» **Your task**:
Your reply should reproduce the data below without a single alteration, apart from dropping the images.

» **Supplied data**:
========

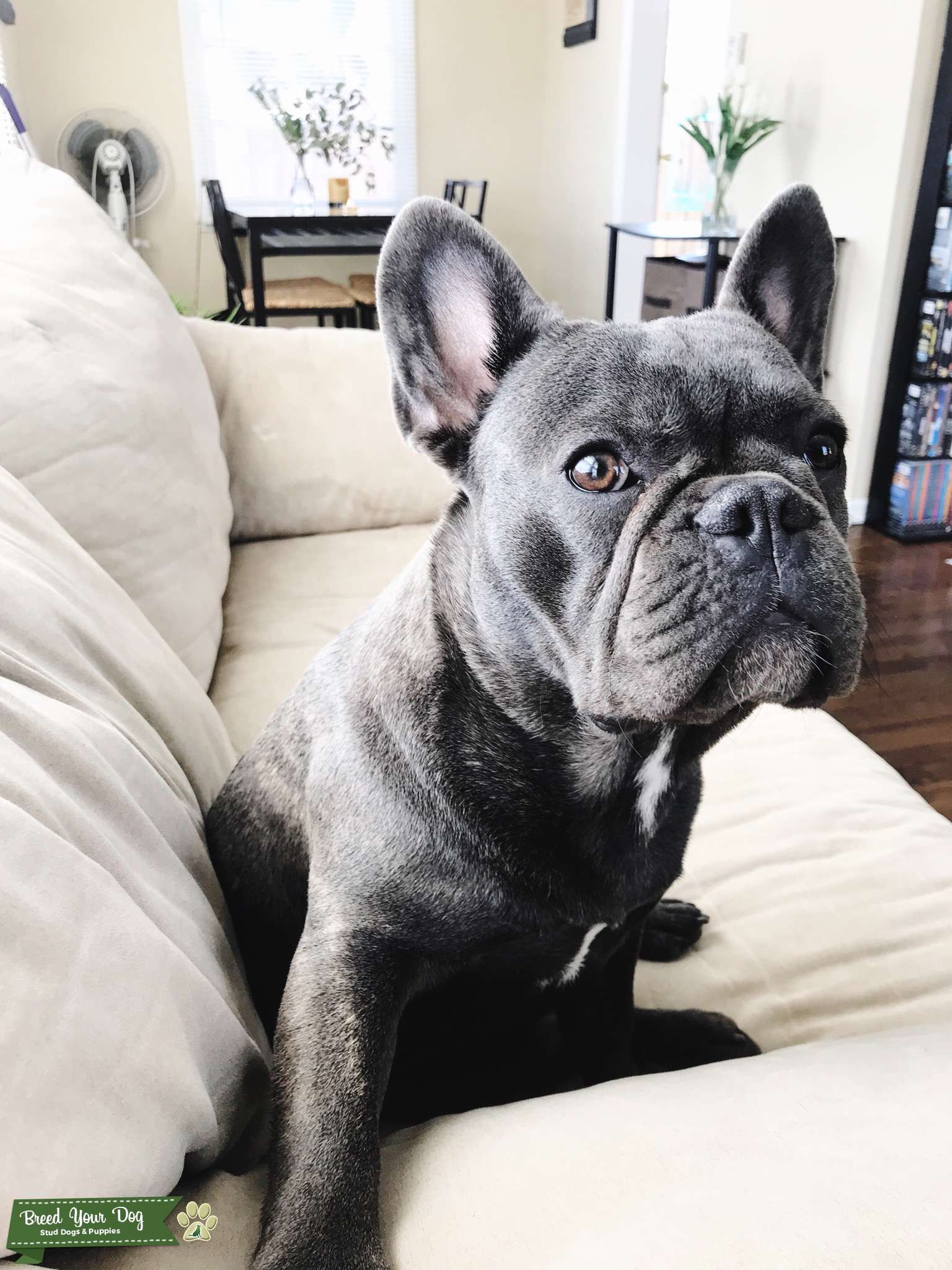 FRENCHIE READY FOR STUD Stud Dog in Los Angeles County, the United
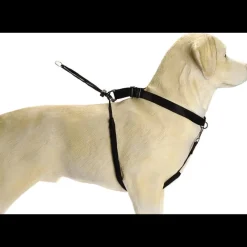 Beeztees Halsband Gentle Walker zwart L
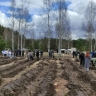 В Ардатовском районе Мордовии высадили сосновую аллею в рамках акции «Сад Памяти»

========

» **Answer for the task**:
 FRENCHIE READY FOR STUD Stud Dog in Los Angeles County, the United
 Beeztees Halsband Gentle Walker zwart L
 В Ардатовском районе Мордовии высадили сосновую аллею в рамках акции «Сад Памяти»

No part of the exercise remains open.